Fewer primary care practitioners available
January 26, 2026
Summary: New research confirms that the supply of primary care clinicians, especially physicians, has declined sharply over the past decade, making it increasingly difficult for patients to find PCPs with open panels. For employers, this shortage is likely to worsen access problems and accelerate reliance on telemedicine, on-site clinics, and care navigation services.
Source: Morgan KM, et al Primary Care Clinicians Available for New Patient Visits. JAMA Intern Med. January 20, 2026; MD-PCP are physician Primary Care Physicians; APC-PCP are Advanced Practice Clinician PCPs such as nurse practitioners or physician assistants.
It’s getting harder to get an appointment with a new primary care physician (PCP). Across the country, patients report waiting months for a new-patient appointment when their PCP retires or shifts to a limited practice. In many cases, practices will not refill prescriptions or address acute concerns until after that first visit. Even hospitals reportedly struggle to recruit enough PCPs for their new trainees.
Research published in JAMA Internal Medicine used traditional Medicare claims data, cross-referenced with licensure data to compare the number of primary care clinicians in 2013 and 2021. The analysis included physicians and advanced practice clinicians (APCs), such as nurse practitioners and physician assistants. Practitioners were defined as open to new patients if they saw at least 11 new patients in a calendar year.

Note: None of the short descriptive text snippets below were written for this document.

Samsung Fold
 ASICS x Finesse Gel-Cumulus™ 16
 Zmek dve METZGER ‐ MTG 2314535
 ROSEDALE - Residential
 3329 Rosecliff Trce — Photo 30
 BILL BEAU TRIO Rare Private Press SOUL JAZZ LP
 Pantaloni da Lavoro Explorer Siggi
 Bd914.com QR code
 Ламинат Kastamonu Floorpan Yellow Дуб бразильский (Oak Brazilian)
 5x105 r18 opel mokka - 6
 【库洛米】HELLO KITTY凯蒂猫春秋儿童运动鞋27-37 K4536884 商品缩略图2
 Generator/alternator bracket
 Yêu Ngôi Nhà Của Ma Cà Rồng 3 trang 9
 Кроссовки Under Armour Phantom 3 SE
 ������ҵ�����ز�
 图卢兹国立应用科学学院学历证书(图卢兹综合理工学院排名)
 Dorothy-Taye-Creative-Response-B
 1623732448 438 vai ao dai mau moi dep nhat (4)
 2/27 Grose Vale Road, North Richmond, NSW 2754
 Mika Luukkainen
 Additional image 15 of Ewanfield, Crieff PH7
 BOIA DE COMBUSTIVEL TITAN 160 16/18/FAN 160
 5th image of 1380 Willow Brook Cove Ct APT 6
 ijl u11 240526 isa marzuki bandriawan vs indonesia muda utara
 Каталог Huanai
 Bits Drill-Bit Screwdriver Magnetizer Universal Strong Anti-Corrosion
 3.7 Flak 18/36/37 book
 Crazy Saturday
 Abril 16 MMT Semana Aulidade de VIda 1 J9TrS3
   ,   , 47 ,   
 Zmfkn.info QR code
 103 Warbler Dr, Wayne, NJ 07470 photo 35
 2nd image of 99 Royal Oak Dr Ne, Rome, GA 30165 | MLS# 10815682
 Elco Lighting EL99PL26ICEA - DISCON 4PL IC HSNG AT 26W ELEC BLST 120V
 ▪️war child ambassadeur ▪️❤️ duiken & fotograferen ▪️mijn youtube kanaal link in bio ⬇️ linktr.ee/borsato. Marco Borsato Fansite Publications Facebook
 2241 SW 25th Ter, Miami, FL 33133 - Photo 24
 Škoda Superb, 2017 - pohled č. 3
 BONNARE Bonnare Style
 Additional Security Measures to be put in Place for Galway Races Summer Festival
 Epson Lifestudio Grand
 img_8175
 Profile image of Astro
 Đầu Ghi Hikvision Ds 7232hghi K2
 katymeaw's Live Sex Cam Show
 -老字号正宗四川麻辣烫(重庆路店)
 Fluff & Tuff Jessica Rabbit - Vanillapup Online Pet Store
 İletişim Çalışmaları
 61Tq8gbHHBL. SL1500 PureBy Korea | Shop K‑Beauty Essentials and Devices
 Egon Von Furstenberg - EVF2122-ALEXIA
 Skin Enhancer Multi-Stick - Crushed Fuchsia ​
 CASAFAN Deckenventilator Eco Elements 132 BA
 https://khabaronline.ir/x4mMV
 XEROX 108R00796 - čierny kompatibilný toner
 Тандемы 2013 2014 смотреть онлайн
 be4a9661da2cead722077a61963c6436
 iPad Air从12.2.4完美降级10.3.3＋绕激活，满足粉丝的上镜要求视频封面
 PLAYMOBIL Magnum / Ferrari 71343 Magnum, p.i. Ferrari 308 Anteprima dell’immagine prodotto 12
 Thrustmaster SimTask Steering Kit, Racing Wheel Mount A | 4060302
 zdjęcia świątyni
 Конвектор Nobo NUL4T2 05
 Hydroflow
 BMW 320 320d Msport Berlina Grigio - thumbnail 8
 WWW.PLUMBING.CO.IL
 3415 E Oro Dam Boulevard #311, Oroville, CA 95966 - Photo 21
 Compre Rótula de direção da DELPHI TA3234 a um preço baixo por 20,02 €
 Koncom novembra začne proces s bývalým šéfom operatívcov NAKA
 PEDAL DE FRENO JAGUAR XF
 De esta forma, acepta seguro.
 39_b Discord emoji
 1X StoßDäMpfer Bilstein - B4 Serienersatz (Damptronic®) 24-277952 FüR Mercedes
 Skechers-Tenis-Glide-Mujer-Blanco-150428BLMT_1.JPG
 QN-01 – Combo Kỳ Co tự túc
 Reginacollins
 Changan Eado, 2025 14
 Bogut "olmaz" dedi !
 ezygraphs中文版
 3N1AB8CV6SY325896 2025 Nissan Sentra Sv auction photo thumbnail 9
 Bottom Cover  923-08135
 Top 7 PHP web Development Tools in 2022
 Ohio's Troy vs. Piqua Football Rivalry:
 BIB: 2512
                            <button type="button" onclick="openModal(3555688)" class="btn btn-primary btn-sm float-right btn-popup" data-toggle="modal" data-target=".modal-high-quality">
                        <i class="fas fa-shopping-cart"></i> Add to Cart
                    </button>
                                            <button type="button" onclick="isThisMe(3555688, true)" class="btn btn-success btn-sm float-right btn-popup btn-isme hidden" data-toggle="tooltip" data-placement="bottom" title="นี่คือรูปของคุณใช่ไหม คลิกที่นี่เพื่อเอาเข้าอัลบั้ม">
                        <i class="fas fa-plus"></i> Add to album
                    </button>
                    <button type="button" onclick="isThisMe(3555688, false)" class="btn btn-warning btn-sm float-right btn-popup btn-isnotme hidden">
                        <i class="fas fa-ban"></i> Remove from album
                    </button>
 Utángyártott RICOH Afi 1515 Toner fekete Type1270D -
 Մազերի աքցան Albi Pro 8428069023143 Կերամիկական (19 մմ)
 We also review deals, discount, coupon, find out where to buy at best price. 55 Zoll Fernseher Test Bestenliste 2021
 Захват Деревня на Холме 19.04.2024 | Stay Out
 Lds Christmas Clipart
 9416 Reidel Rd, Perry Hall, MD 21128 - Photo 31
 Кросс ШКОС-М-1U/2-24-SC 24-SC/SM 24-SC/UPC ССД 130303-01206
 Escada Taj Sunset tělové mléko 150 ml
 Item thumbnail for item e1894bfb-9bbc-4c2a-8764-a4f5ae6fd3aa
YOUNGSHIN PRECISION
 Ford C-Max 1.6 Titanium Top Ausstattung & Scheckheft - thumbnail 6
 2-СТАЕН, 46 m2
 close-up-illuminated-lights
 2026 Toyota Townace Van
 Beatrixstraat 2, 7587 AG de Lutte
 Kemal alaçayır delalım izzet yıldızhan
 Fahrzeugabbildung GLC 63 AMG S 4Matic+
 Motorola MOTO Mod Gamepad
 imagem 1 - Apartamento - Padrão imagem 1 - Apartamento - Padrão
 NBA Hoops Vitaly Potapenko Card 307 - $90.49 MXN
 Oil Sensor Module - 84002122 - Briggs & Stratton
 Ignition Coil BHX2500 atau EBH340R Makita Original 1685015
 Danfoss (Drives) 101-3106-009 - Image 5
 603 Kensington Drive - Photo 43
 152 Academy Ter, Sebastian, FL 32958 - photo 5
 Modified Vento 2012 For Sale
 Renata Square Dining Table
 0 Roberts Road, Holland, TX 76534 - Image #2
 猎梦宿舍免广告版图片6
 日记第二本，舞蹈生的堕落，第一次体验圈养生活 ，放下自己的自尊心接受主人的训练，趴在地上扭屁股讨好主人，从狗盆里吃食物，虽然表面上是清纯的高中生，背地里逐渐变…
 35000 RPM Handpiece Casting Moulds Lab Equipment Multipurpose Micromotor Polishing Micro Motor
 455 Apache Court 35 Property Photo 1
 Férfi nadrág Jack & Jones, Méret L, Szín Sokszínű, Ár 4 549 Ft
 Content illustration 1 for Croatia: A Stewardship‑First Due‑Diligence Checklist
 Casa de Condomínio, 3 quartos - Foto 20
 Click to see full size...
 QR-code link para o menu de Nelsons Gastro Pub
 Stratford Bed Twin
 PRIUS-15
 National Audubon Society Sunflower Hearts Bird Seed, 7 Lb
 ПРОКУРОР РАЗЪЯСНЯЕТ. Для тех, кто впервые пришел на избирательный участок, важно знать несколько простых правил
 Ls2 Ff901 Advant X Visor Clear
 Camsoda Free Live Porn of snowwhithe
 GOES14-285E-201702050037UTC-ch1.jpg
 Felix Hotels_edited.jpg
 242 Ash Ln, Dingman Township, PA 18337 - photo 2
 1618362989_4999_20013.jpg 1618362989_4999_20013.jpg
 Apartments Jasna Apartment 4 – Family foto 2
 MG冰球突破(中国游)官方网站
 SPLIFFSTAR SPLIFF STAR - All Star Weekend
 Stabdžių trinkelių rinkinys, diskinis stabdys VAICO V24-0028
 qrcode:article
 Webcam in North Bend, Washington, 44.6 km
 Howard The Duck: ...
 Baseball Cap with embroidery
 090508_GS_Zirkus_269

The study found that there were 8% fewer primary care practitioners overall in 2021. The number of physician PCPs declined by 24.9%. Although the number of APCs nearly doubled, that increase was not sufficient to offset the loss of physicians. As a result, the number of PCPs per million population fell from 278 to 244—a 12% decline (based on my calculations from the paper’s data).
Because clinicians who see traditional Medicare patients also tend to see patients with commercial insurance—and prior research shows that most physicians with open practices do not exclude Medicare—these findings are likely relevant to adults enrolled in employer-sponsored health plans.
Implications for employers
Employees are increasingly struggling to find primary care physicians with open panels.
Telemedicine is likely to play a larger role as plan members are unable to secure in-person PCPs.
Employers with a large concentration of employees in one geographic area may offer on-site primary care clinics, though these are often limited to employees and not their dependents.
Employers can provide navigation services to help plan members identify and connect with high-quality PCPs.
However, the underlying issue is an inadequate supply of PCPs, and access problems will persist until that supply improves. That will likely require large- scale changes in reimbursement, policy and professional and medical education.


Jeff, this is a very thoughtful piece. Thank you. One thing I would add is that, as society evolves, and as the slow churn of established and entrenched practices and mores of how American healthcare should be delivered and paid for evolves, we can still have the hope for positive disruption. Knowing you, and your work, I know you see these potentials too. I have hope that we will manage AI for good in healthcare. I also have hope that we will recognize that not all healthcare has to be offered only by physicians, and that much care can safely (and with very high quality) be delivered by nurses and other health professionals. We can choose to expand the pie to help more Americans have access to high quality care right now if we want to.